The state of immigration in America

Simon Rosenberg in this column on MSNBC looks at immigration as part of “The State of America,” an msnbc.com series leading up to President Barack Obama’s 2015 State of the Union Address on Tuesday.

The United States is undergoing major change as a result of significant Hispanic migration. Consider: 

  • In 2014, the Hispanic unemployment rate dropped by a quarter in a single year, from 8.4% to 6.5%. One estimate suggests that fully one-third of all Hispanics without health insurance gained insurance in the first full year of President Obama’s health care reforms, dropping from 36% uninsured to just 23%. Over the past generation, the Hispanic dropout rate has seen similar, dramatic improvements, going from about 35% in the 1990s to 13% last year. 
  • Millions of undocumented Hispanics living in the U.S. will see dramatic socioeconomic gains through the president’s commonsense reforms to the immigration system.

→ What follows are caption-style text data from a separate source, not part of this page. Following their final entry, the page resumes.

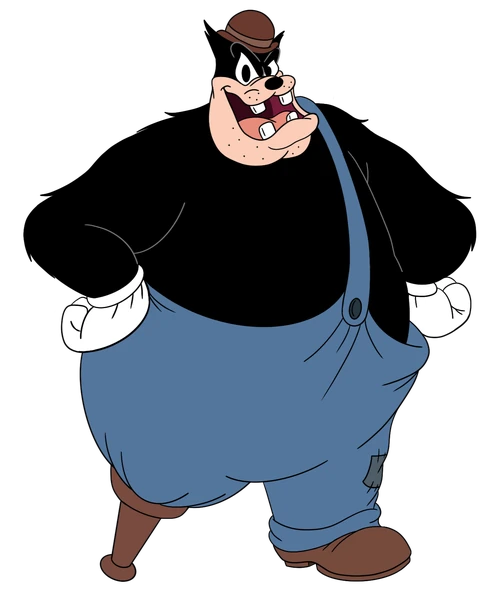 Pat Hibulaire — Mickey & ses amis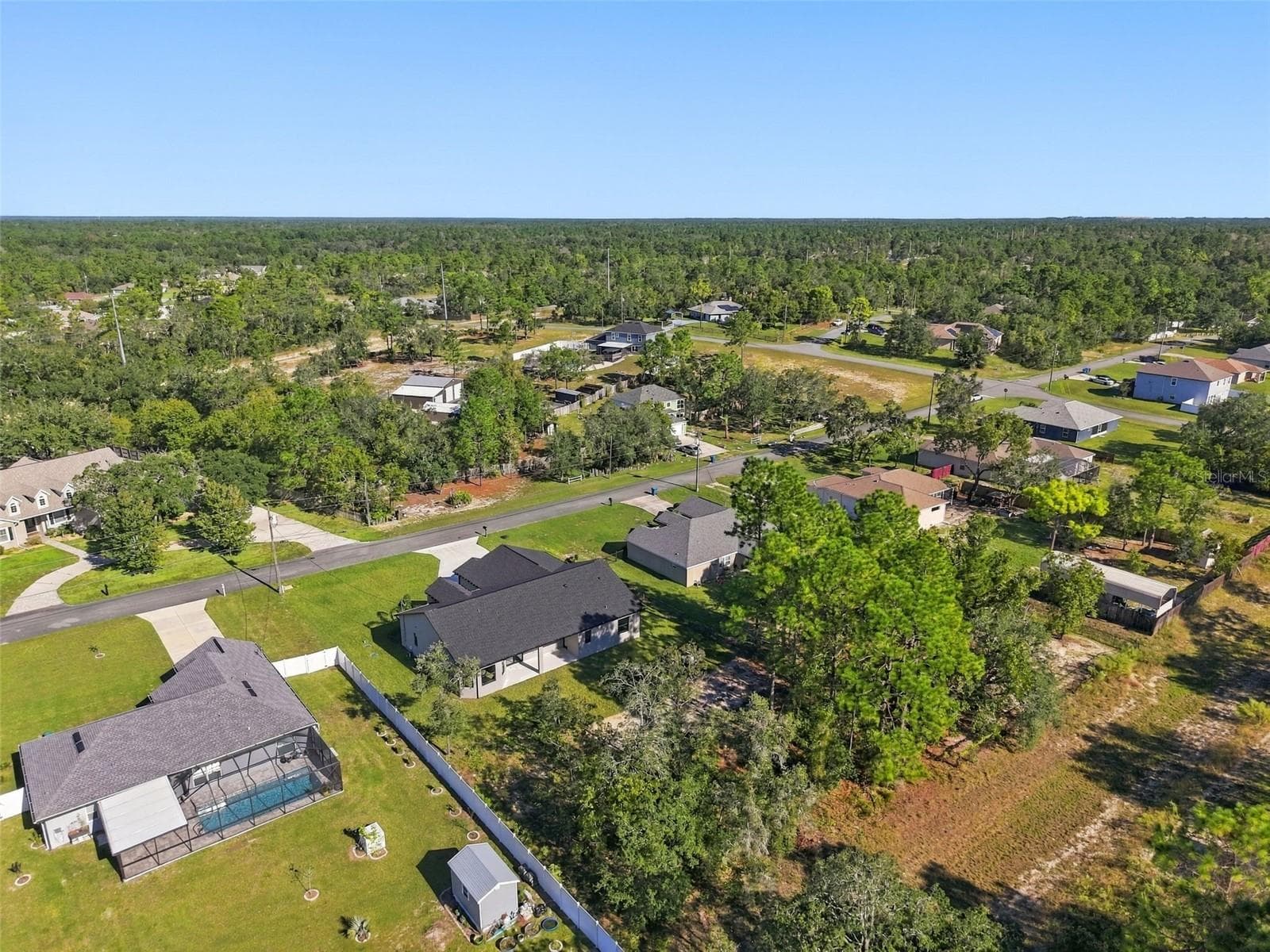 Single Family Residence at 11250 HUMBER RD, WEEKI WACHEE, photo 51 of 53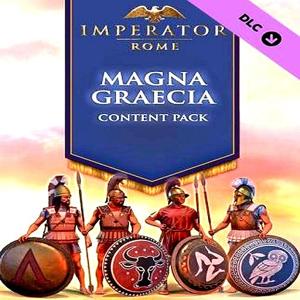 Imperator: Rome - Magna Graecia Content Pack - Steam Key - Global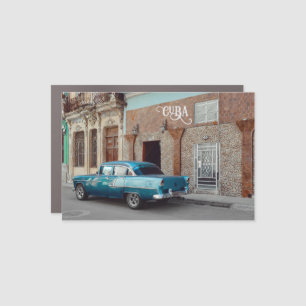 Havana CUBA Car Magnet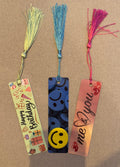 Create Your Own Personalised Bookmark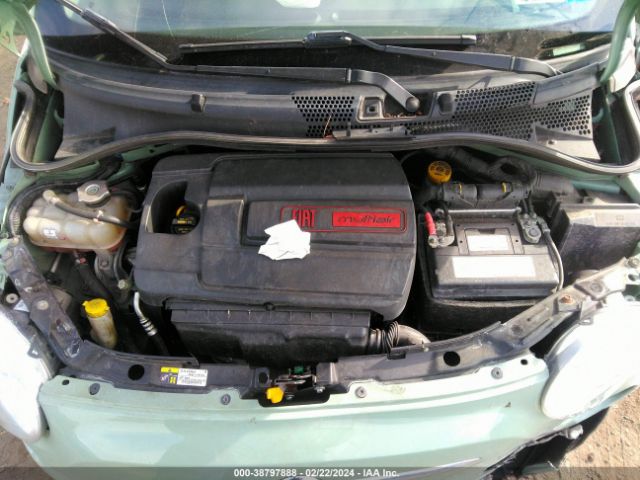 3C3CFFAR4FT562415 Fiat 500 POP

Early data from the two-year-old Deferred Action for Childhood Arrivals (DACA) program show that even in its early days, DACA recipients saw significant gains in their income.
  • As the Mexican-American population has soared, trade between the U.S. and Mexico has taken off. Mexico is now the America’s third largest trading partner – reaching record levels in 2014 – and its second largest export market. As the Mexican economy has improved and modernized in the post-NAFTA period, the flow of Mexicans into the U.S. has dropped to record lows. What appears to be the end of the Great Mexican Diaspora has helped contribute to a very dramatic slowdown in the flow of undocumented immigrants into the U.S. during Obama’s presidency.
  • A CBS News poll released last week showed that even after months of contentious debate and aggressive GOP counter-legislation, 69% of the country wants the 11 million undocumented immigrant population to remain in the US; 62% support the President’s actions and 55% want them to remain in place. It appears that the public is rejecting renewed, intense GOP efforts to force the millions undocumented immigrants living and working among us to leave.